To ensure fair comparison of models and prevent arbitrary configuration bias, hyperparameters for all machine learning models were selected using a structured cross-validation procedure. For tabular models (Ridge, Random Forest, and XGBoost), a predefined hyperparameter grid was constructed based on generally accepted ranges reported in the literature, as well as a preliminary sensitivity analysis conducted on the training data. Model selection was conducted using 8-fold time-adjusted cross-validation, in which each fold corresponded to a lagged test year to preserve the temporal structure of the panel dataset. The primary selection criterion was the mean root mean square error (RMSE) of the validation set, calculated across all folds. Additionally, the generalization gap R², defined as the difference between the R² values on the training and validation sets, was monitored to assess overfitting and model stability. The final hyperparameter configuration for each model was chosen as the one that yielded the lowest average validation RMSE, while simultaneously demonstrating consistent performance across all folds and a minimal generalization gap in R². This strategy ensured not only accuracy but also robustness of the selected models to the temporal variability of agroclimatic conditions. The resulting hyperparameter values reflect a balanced tradeoff between expressive power and generalization stability, which is particularly important for panel agroclimatic data characterized by limited temporal depth and interannual variability.

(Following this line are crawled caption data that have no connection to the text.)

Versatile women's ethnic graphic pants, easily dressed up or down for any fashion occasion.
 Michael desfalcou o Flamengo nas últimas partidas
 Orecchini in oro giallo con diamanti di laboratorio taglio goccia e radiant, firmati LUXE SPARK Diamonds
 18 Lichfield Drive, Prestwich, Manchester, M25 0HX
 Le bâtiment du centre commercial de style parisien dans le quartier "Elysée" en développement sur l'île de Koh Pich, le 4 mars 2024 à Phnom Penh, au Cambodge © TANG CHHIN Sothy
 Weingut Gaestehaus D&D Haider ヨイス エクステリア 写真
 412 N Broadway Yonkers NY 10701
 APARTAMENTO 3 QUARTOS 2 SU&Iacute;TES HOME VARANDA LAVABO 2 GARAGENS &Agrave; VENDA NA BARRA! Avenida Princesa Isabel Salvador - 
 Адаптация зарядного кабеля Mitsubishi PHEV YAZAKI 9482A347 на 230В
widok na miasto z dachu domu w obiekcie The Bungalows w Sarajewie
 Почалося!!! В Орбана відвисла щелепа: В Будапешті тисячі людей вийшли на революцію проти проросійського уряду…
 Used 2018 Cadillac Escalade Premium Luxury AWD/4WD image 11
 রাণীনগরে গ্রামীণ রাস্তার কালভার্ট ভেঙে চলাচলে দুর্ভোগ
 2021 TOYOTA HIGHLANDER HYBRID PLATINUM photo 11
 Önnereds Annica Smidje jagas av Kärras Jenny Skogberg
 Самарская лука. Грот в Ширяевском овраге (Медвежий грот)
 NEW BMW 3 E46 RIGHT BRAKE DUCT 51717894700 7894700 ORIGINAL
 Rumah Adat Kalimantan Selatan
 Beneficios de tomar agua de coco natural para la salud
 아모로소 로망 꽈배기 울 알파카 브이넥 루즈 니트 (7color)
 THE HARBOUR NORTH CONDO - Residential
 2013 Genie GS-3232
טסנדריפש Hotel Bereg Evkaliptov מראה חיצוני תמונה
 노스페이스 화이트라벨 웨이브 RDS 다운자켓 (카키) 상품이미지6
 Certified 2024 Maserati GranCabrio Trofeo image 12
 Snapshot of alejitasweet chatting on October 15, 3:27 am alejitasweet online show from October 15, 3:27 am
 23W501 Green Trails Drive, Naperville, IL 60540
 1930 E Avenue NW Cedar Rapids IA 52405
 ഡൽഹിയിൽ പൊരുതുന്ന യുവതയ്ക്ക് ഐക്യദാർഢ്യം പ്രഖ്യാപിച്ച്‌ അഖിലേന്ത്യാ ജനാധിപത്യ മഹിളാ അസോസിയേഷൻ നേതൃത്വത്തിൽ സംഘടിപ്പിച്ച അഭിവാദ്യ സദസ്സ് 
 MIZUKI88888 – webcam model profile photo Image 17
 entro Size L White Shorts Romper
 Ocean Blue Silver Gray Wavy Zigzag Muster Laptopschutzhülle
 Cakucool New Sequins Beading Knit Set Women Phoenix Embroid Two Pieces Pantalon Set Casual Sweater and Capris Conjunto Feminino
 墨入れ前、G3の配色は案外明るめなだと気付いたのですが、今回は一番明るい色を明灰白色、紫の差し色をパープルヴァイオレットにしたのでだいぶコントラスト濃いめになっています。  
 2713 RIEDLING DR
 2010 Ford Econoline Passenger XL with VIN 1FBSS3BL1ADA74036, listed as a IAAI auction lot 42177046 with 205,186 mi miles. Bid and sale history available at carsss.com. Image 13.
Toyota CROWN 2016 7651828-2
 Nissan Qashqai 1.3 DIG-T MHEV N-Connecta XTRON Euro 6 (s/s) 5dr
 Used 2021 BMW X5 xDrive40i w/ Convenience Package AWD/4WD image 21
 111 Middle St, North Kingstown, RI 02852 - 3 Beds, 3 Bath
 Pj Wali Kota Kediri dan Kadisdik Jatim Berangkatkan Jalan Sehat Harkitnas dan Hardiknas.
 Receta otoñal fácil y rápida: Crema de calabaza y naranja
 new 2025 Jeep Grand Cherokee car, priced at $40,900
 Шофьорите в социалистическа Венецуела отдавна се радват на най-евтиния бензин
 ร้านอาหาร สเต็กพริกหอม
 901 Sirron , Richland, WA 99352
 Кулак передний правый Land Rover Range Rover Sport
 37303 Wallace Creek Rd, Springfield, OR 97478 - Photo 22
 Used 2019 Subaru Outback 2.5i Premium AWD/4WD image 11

The hyperparameter optimization procedure described above yielded a set of stable and well-generalizable configurations for each table model. After evaluating all possible parameter combinations using time-dependent cross-validation, the best configuration for each model was selected according to predefined selection criteria. Table 1 lists the final optimal hyperparameter values used in the comparative experiments.

As shown in Table 1, the selected configurations reflect a stable balance between model complexity and generalization stability. For ridge regression, a low regularization strength is preferred, indicating that a moderate L2 penalty is sufficient to control multicollinearity without suppressing informative climate predictors. For random forest, the optimal structure combines a sufficient number of trees with feature downsampling and leaf-level regularization, reducing variance while maintaining nonlinear modeling ability. For XGBoost, the selected configuration emphasizes conservative boosting with a low learning rate and shallow trees, ensuring gradual error minimization and preventing overfitting across observation years. Overall, the selected hyperparameters demonstrate that model stability and temporal robustness were prioritized over excessive structural complexity, supporting the validity of the subsequent performance benchmarking.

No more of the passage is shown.